In: Economics
explain why the federal funds rate is essential in the conduct of monetary policy. Limit your answer to 400 words.
Recall that we examined when, why, and how the federal reserve was created. We also examined how independent the Fed is. It is important to remember that reserves are deposits a bank has with the Fed. Accordingly, reserves are assets for the banks and liabilities for the Fed. By increasing/decreasing reserves, the Fed’s goal is to increase/decrease liquidity in the banking system. Keep this in mind when you answer the question above.
Federal funds rate is essentially the rate at which commercial banks can borrow money from the Fed. Banks usually borrow to meet their minimum requirements. It is a very essential tool for the conduct of monetary policy because this ultimately determines how much money is there for the consumers to borrow.

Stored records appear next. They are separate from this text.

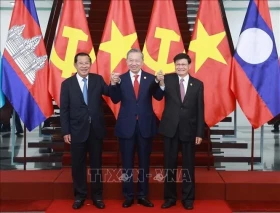 越老柬加强三国团结、提高合作效、推动三国关系迈向新发展阶段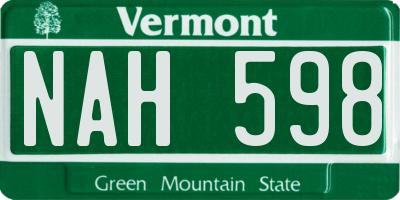 VT license plate NAH598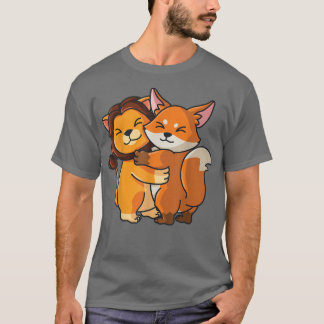 ライオンとフォ抱きかわいいかわいい動物愛好家女性 Tシャツ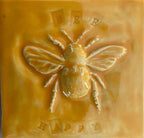 Handmade 4"Bee tile . Other glaze options are available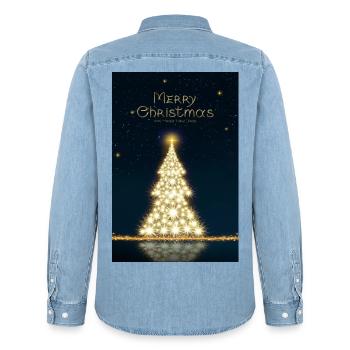 Goldener Weihnachtsbaum, isoliert am Sternenhimmel - Männer Jeanshemd Organic von Stanley/Stella - verwaschenes Hellblau - Hinten - AI Model Male 185 light (185cm)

These rates affect the monetary conditions which will finally have an impact on the employment, inflation and growth in the country. Since the Fed cannot directly control these variables, they use the federal funds rate as a tool to keep the inflation in check. So, the Fed's ultimate goal is to control the liquidity in the market and by setting an appropriate rate they can achieve their goal. For instance, if there is inflation prevailing in the economy, the Fed can raise the federal funds rate to lower the inflation in the economy. When the Fed raises the rate, it becomes more costly for the banks to borrow funds which is then passed on the consumers to borrow which therefore reduces the money supply in the economy, finally leading to a reduction in the inflation.